Heureusement que, de plus en plus de Sénégalaises et de Sénégalais découvrent l’homme. Un homme qui renie sans état d’âme ses engagements les plus solennels ; un homme qui, au lieu de lutter contre la fraude, la corruption, les détournements de deniers publics comme il s’y était engagé, les entretient et les nourrit au quotidien avec une impunité insoutenable ; un homme qui utilise toutes sortes de subterfuges pour se débarrasser de tout adversaire politique potentiellement dangereux ; un homme surtout qui, au lieu de s’employer à redorer le blason terni de nos valeurs cardinales comme il nous l’avait fermement promis, le ternit par ses actes et propos de tous les jours, notamment en entretenant la détestable transhumance par la corruption ; un homme enfin qui, selon des nombreux observateurs, sacrifie l’intérêt général au profit d’un partenariat extérieur douteux, notamment en bradant nos importantes ressources naturelles.

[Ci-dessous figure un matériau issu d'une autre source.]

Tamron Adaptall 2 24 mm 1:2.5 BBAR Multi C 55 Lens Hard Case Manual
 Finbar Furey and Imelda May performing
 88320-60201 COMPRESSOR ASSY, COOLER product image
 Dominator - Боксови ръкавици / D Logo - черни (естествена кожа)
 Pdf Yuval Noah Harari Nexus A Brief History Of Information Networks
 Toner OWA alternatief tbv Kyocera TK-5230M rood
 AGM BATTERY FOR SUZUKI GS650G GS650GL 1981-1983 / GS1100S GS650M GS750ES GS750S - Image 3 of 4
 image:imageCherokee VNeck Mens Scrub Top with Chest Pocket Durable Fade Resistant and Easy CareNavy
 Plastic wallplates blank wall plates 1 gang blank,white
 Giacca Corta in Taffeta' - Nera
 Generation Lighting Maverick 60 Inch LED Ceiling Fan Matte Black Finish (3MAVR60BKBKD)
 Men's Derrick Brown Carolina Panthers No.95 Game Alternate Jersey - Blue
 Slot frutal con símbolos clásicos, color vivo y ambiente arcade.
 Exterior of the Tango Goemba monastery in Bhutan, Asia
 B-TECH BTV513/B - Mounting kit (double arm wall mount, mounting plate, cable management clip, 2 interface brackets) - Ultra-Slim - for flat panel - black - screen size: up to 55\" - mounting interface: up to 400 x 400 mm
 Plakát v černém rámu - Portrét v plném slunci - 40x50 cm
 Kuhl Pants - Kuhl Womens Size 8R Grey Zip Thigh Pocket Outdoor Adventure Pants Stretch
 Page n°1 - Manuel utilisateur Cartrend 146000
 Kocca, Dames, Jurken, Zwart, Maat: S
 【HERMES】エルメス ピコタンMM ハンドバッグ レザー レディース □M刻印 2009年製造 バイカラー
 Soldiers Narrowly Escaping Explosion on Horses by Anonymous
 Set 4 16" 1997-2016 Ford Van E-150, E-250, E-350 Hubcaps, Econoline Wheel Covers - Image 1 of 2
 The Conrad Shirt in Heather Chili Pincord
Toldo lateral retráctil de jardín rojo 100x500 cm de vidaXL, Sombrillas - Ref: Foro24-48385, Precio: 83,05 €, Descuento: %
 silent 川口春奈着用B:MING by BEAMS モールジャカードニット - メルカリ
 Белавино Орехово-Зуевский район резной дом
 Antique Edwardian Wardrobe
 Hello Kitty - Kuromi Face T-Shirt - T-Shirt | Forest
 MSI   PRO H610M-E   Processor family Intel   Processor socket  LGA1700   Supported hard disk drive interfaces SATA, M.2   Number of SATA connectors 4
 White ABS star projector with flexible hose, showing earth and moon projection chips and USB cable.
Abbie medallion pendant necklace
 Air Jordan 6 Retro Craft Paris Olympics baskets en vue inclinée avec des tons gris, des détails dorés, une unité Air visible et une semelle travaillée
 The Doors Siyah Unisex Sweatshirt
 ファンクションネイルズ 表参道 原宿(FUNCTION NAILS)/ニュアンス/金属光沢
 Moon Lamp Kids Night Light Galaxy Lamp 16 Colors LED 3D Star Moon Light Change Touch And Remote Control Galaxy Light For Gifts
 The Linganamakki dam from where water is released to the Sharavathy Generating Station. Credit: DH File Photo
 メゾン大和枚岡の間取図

Cet homme est donc pratiquement responsable de toutes les situations difficiles que nous vivons depuis le 2 avril 2012, ayant renié tous ses engagements qui lui ont valu notre confiance, concrétisée par 65% de nos suffrages, le 25 mars 2012. Dans un peu moins de deux ans, il termine son second et dernier mandat et devra débarrasser le plancher politique avec toute sa coalition. Il évitera ainsi le chaos à notre pays, en se gardant de solliciter un troisième mandat. C’est vrai qu’il a bien armé ses forces de défenses et de sécurité et notablement amélioré leurs conditions de vie. C’est aussi vrai qu’il n’a pas oublié ses magistrats ni ses autorités administratives (gouverneurs, préfets, sous-préfets). Cependant, aucune force, et quelle qu’elle soit, ne peut faire face à tout un peuple debout. Zine el-Abidine Ben Ali, Hosni Moubarak (qui ne sont plus de ce monde) et Omar Al Bachir en savent bien quelque chose.